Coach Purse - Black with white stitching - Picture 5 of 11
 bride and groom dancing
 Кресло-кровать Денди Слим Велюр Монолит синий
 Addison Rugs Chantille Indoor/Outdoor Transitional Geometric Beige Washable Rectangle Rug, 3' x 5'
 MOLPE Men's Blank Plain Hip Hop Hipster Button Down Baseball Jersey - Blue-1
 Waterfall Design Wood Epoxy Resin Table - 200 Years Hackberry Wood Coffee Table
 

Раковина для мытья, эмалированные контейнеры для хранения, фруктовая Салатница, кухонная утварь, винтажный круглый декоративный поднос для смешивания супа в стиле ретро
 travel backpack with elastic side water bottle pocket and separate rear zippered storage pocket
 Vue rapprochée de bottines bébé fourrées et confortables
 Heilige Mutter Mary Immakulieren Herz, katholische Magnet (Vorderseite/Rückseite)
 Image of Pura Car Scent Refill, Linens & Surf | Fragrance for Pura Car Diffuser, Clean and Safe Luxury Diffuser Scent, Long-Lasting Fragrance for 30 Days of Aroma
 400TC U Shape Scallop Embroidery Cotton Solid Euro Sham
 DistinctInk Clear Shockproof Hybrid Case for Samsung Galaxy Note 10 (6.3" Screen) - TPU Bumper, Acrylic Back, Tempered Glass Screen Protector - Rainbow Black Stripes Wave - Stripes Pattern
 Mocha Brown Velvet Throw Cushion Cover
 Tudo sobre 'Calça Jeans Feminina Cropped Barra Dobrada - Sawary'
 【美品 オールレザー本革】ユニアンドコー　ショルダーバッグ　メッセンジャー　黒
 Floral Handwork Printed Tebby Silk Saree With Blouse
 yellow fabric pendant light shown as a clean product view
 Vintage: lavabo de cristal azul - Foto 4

---+---

> _What is needed_
From the line that contains "Tudo sobre 'Calça" down to the final line of the entries, print every line exactly as it is, and only those lines.

> _Result_
 Tudo sobre 'Calça Jeans Feminina Cropped Barra Dobrada - Sawary'
 【美品 オールレザー本革】ユニアンドコー　ショルダーバッグ　メッセンジャー　黒
 Floral Handwork Printed Tebby Silk Saree With Blouse
 yellow fabric pendant light shown as a clean product view
 Vintage: lavabo de cristal azul - Foto 4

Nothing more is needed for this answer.